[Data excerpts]
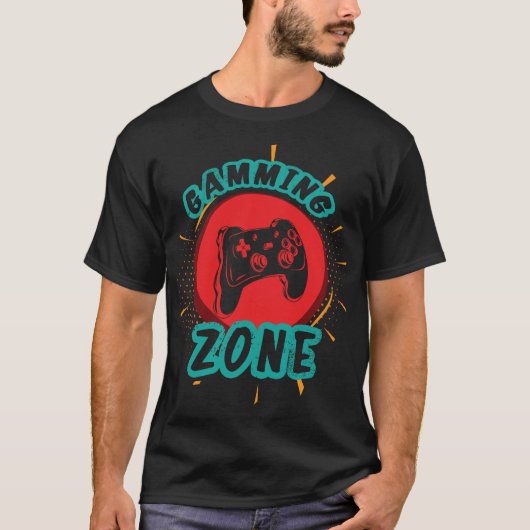 Retro Gamer Art -  Gaming Controller T-shirt (Voorkant)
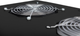 Потолочный блок охлаждения для серверных шкафов Digitus Unique & Varioflex-N 2 x Fans Black (DN-19 FAN-2-B-N) - изображение 4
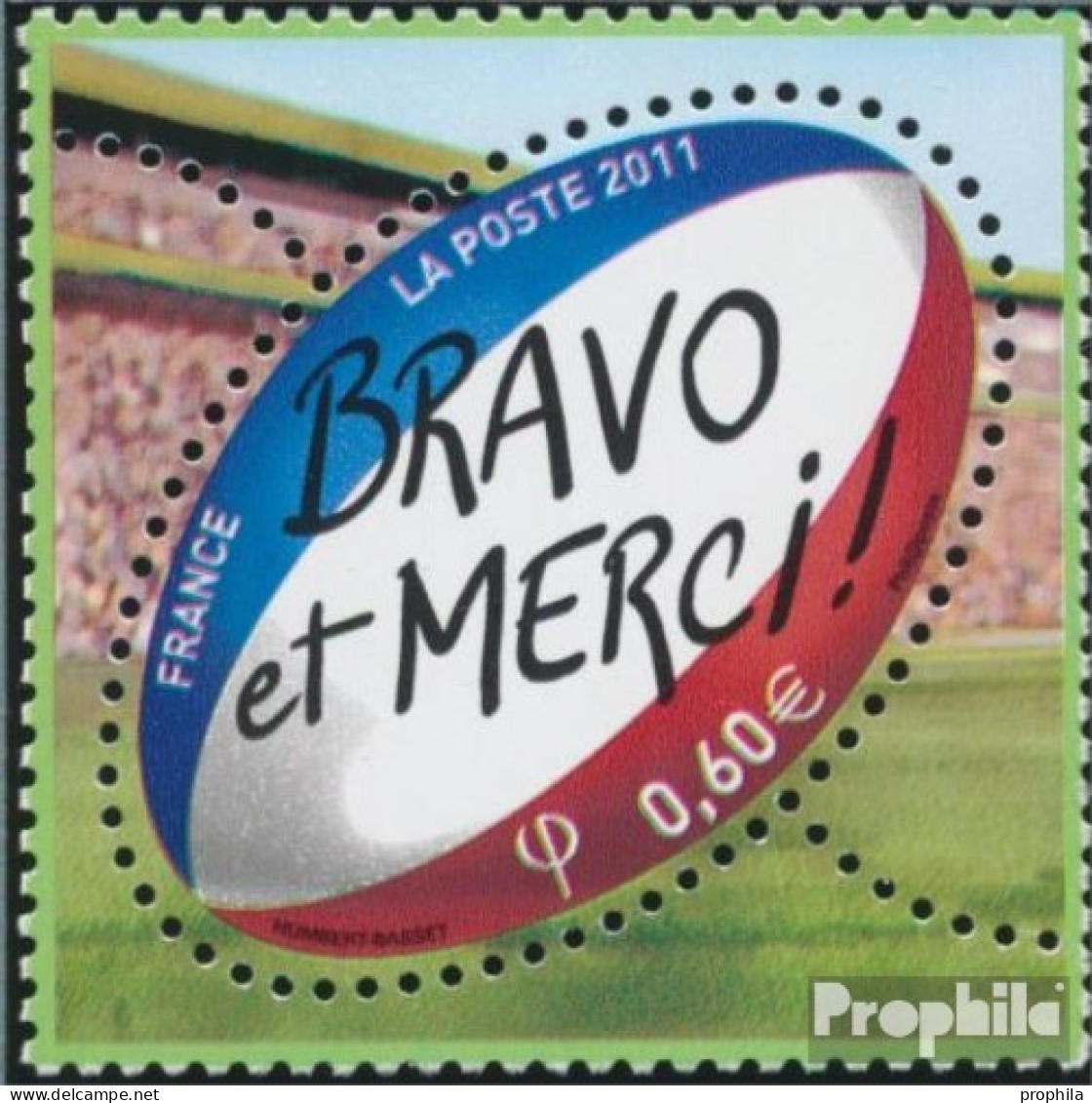 Frankreich 5215 (kompl.Ausg.) Postfrisch 2011 Rugby WM - Ungebraucht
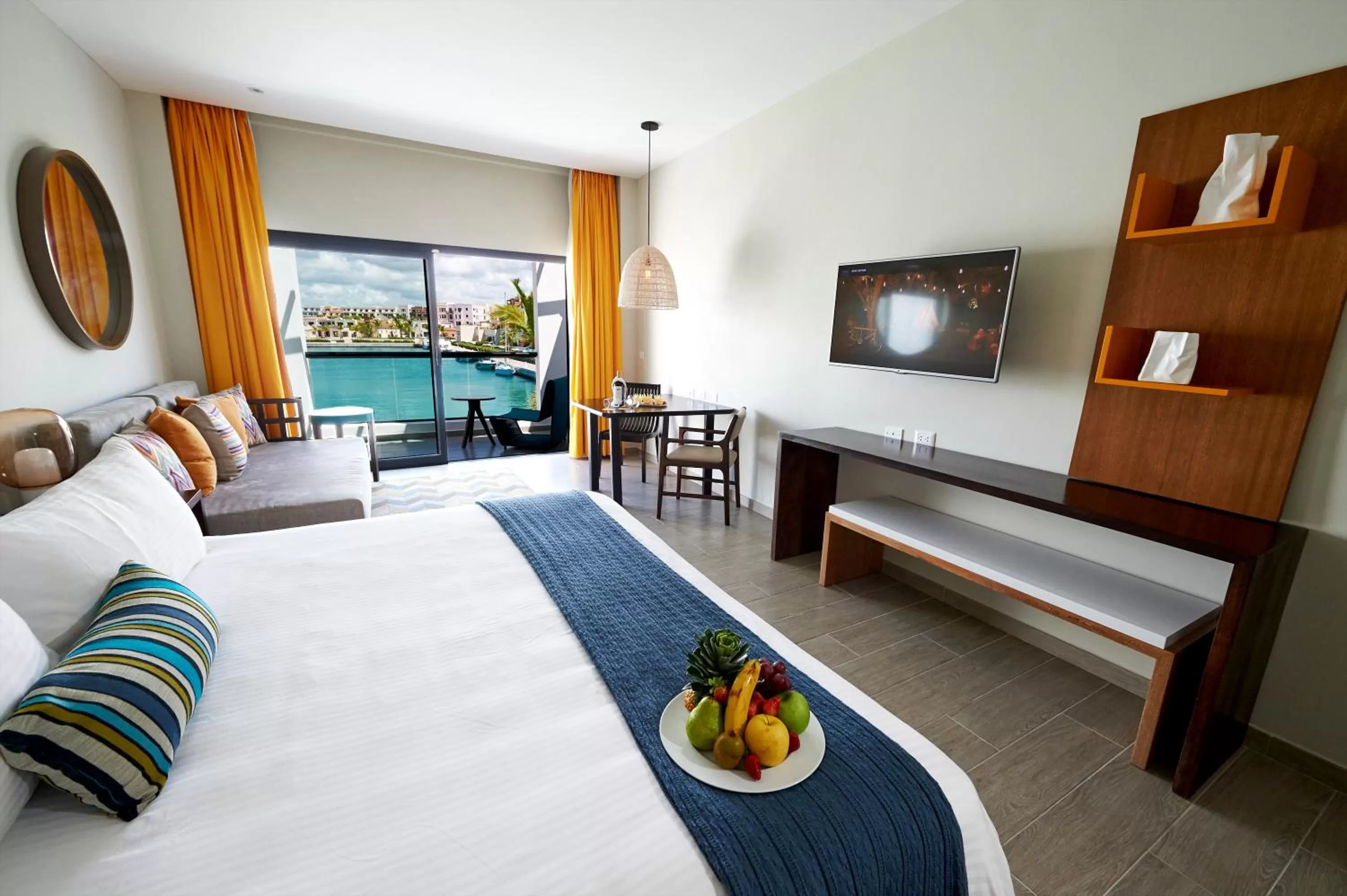 Junior Suite Marina View Cap Cana Benefits in TRS Cap Cana Waterfront & Marina Hotel - Adults Only - All Inclusive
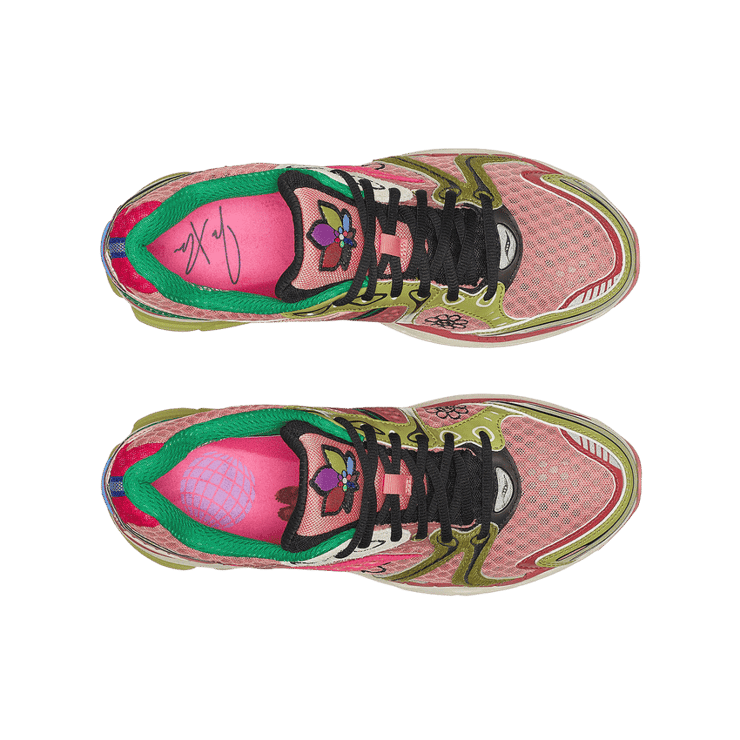 Saucony ProGrid Triumph 4 Jae Tips Flowers Grow Uptown Virginia Creeper Angle 3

### Exercise
Give again exactly the lines from the one holding "Junior Suite Marina" to the final line of the records, both ends included; any pictures stay out.

### Solved problem
 Junior Suite Marina View Cap Cana Benefits in TRS Cap Cana Waterfront & Marina Hotel - Adults Only - All Inclusive
 Saucony ProGrid Triumph 4 Jae Tips Flowers Grow Uptown Virginia Creeper Angle 3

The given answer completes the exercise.